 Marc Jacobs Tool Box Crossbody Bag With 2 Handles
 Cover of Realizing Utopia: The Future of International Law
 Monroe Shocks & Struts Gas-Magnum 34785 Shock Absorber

* * * *

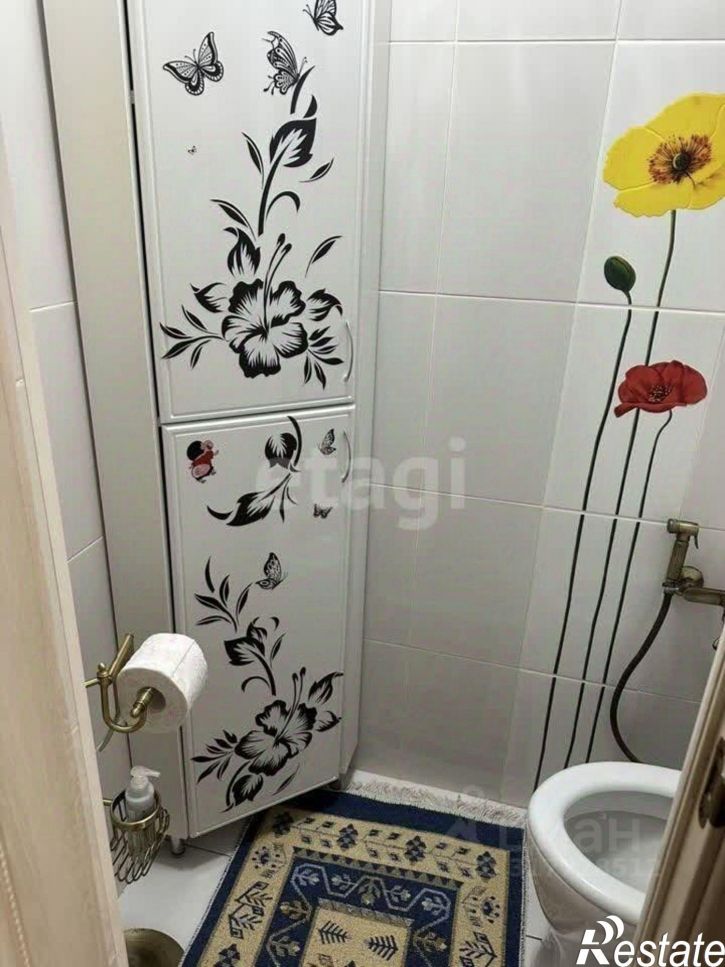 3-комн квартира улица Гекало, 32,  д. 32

* * * *

> The task
Begin with the line that has "Marc Jacobs Tool" in the listing above and end after the line that has "Monroe Shocks &"; output those lines exactly.

> Response for this exercise
 Marc Jacobs Tool Box Crossbody Bag With 2 Handles
 Cover of Realizing Utopia: The Future of International Law
 Monroe Shocks & Struts Gas-Magnum 34785 Shock Absorber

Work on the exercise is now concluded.